Wer sich in den vergangenen drei Jahrzehnten mit dem postsowjetischen Erbe im Planen und Bauen befasste, konnte dies mit einem ausschließlichen Fokus auf Russland erfolgreich tun. Die Kenntnis der Besonderheiten etwa der baltischen Staaten, des Kaukasus, Zentralasiens oder der Ukraine galt nicht als Voraussetzung für die wissenschaftliche Arbeit. Selbst 20 Jahre nach dem Zusammenbruch der UdSSR feierte sich der Verband der sowjetischen Architekten ein letztes Mal bei einer Konferenz im Architekturzentrum Wien – initiiert von russischen Architekten. Die begleitende Ausstellung »Sowjetmoderne«, die als Begriff von dem kürzlich verstorbenen Architekten Felix Novikov eingeführt wurde und der Ära zwischen Stalin und Glasnost einen griffigen Namen gab, vermied zwar eine zu starke Fokussierung auf Russland.
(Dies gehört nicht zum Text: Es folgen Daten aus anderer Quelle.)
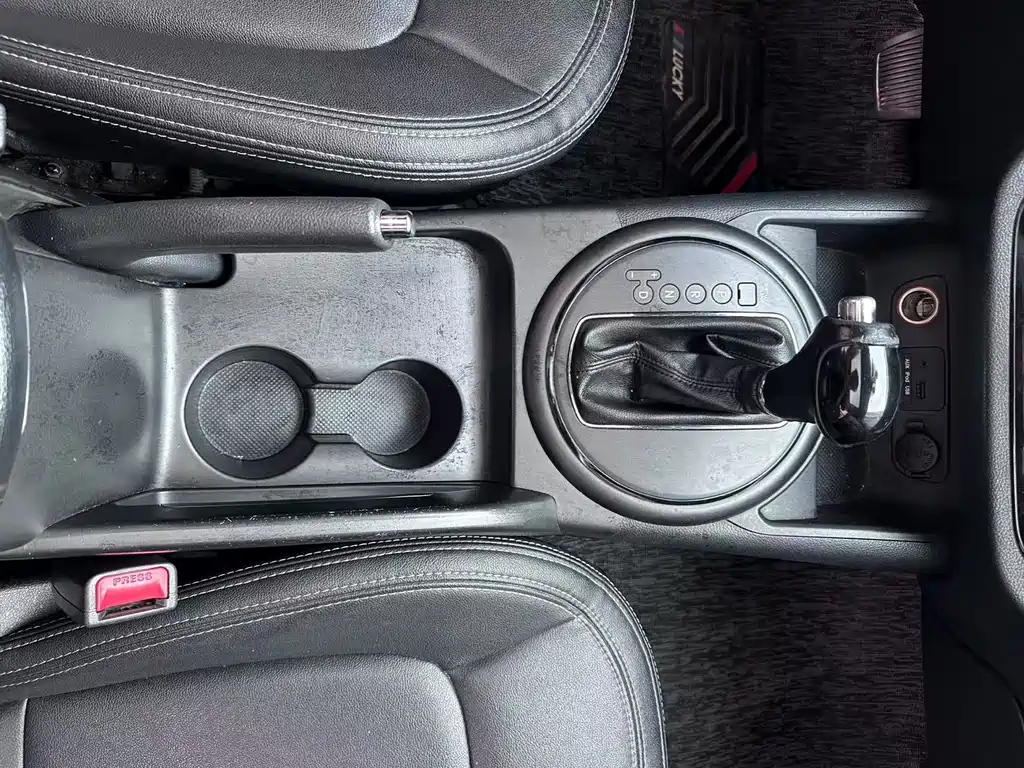 KIA SPORTAGE 2012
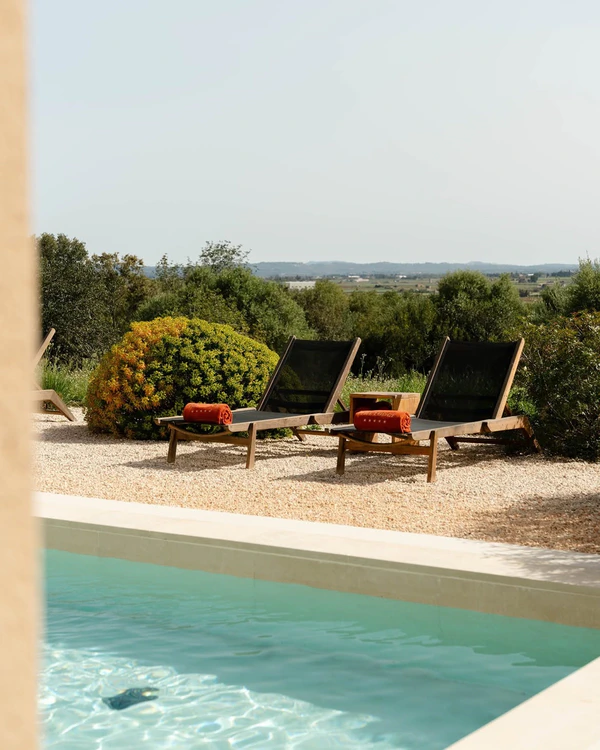 <a href="https://www.instagram.com/p/DYt6Ox-jauB/?img_index=1">The Lodge Mallorca</a>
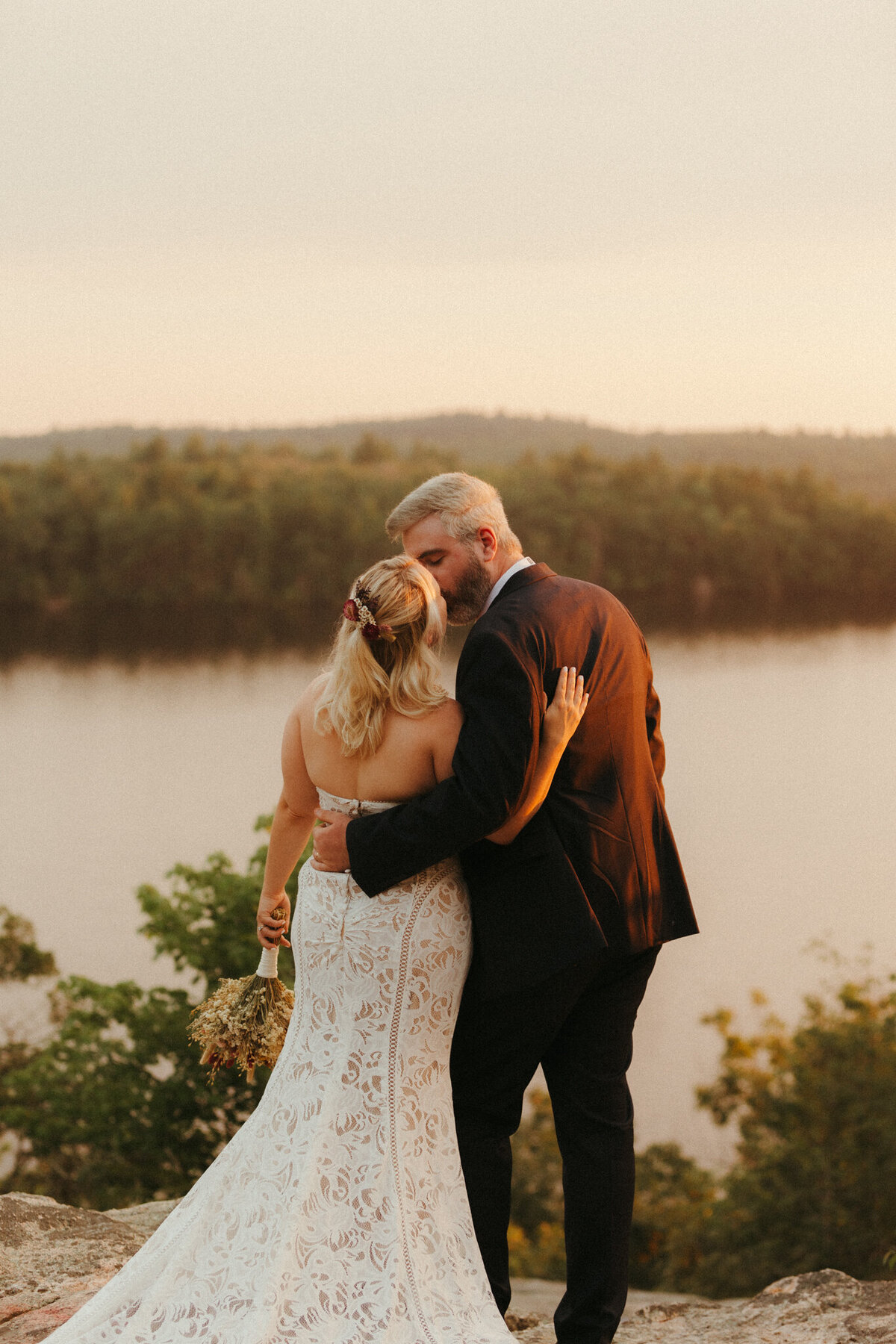 Megan-Joe-Elopement-Sierra-Does-Photos-Cliff-Lake-Manchester-NH-Photographer_096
Auch wenn die Schau zum Jahreswechsel 2012/13 bewusst nur die nichtrussischen Republiken und ihre Vielfalt in den Blick nahm, war es für eine kritische Debatte über den Umgang mit dem Erbe einer von Moskau dominierten Baukultur offensichtlich noch zu früh. Der Schwerpunkt lag auf der Identifizierung von Bauwerken und ihrem ästhetischen Beitrag zur Stilfindung. Westliche Universitäten hatten seinerzeit die Folgen des Imperialismus des 19. und 20. Jahrhunderts längst erforscht. Die Baugeschichtsschreibung folgte aber immer noch dem russischen Narrativ, die Sowjetunion habe die Hoheit über die Architektur den Republiken überlassen. Selbst wenn in Taschkent, Tiflis oder Kiew einheimische Architekten am Werk waren, mussten ihre Entwürfe für wichtige Gebäude immer mit den örtlichen Parteikadern und ihren Führungsoffizieren in Moskau abgestimmt werden – sei es in vorauseilendem Gehorsam oder durch Selbstzensur. Der ukrainische Stadtforscher Oleksandr Anisimov bemerkte kürzlich: »Mein Eindruck ist, dass die postkolonialen Diskussionen, die in den Neunzigerjahren begannen, in Bezug auf Russland lange Zeit nicht in der gleichen Weise geführt wurden. Aber diejenigen, die über die Ukraine als eine Art Satellit Russlands sprechen, akzeptieren die russische Sichtweise und anerkennen die von Putin behauptete Nichtexistenz der Ukraine.« 

Neue Wohnungsbaupolitik 

Anisimov gehört zu einer Gruppe junger Aktivisten, die sich mit neuen Strategien im Wohnungsbau befassen. Der Krieg zwinge den Markt dazu, anders und unkonventionell zu handeln. Seine Kolleginnen Galyna Sukhomud und Vita Shnaider forderten kürzlich in der renommierten Architekturzeitschrift Bauwelt: »Die ukrainische Wohnungsbaupolitik muss sich diversifizieren. Dazu zählt vor allem die Förderung von Genossenschaften, Baugruppen und kommunalem Wohnungsbau.« Im sozialpolitischen Kontext der Ukraine sind diese Schlagworte noch neu. Denn die bedingungslose Übertragung von Immobilieneigentum aus der sowjetischen Erbmasse und das völlige Fehlen staatlicher Kontrolle haben in der Ukraine zu einem ambivalenten Verhältnis zur Wohnkultur geführt. Fast jede Familie verfügt über Immobilieneigentum – auch wenn sie nicht die finanziellen Mittel aufbringt, diesen Besitz zu unterhalten oder gar zu modernisieren. Das Wohnen erfolgt seit einer Generation auf Verschleiß. 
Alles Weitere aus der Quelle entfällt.